Where to begin?
Was at a meeting with occupational health today, referred there by my line manager due to a 'high' level absences from work. SHe asked lots of questions and for the first time I was able to be open with someone who's not my DP:
- I binge/comfort eat
- i'm so tired all the time and could sleep for hours but when I do, I feel no better
- My body aches all over
- I have a constant head ache and horrible feeling in the pit of my stomach all the time
- I'm crabby with DP and DD for no reason
- I find it so difficult to motivate myself to do anything
- my memory is shot and I have to write myself the stupidest lists (one thing I'd put down for today was have shower/wash hair!)
- I feel like I'm constantly unwell and its a long time since I've felt 'myself'
- I get so tearful and anxious going into work every day
- I find my line manager unapproachable and so difficult to gauge what mood she'll be in
- I am scared of the person I job share with, not just how she treats me but also the people we manage, yet I LOVE my actual job
- I worry all the time that I'm a crap mum and am doing things wrong
- I'm really fat and ugly and that will never change
- just feel totally worthless and pointless
- Just lost my grandad and finding it really difficult to cope with but I haven't been able to cry?
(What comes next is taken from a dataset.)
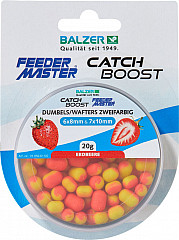 Balzer MF #Dumbels #2_farbig #rot_gelb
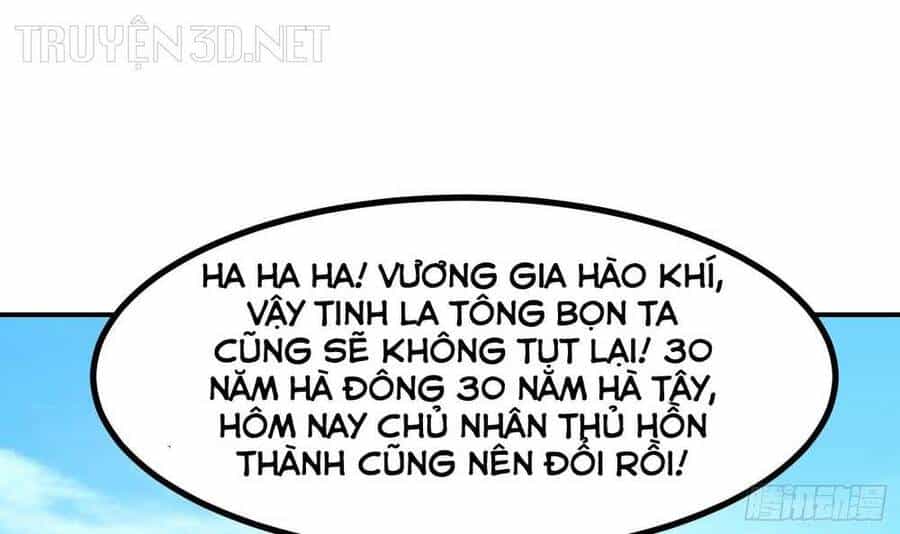 Trên Người Ta Có Một Con Rồng - Chương 610 - ảnh 16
Occ Health suggested getting my manager to do a work stress audit with me and I almost hyperventialted at the thought of it - how can I possibly be honest with the woman when she is part of the problem and not interested. Even Occ Health said she could see how anxious I was getting about that but that if I could manage it would be worth doing. Also recommended I see my GP as had PND after my DD was born 3 years ago and took sertraline for a while. SHe aslo advised me to ask for a referral for counselling as well anything else my GP suggested.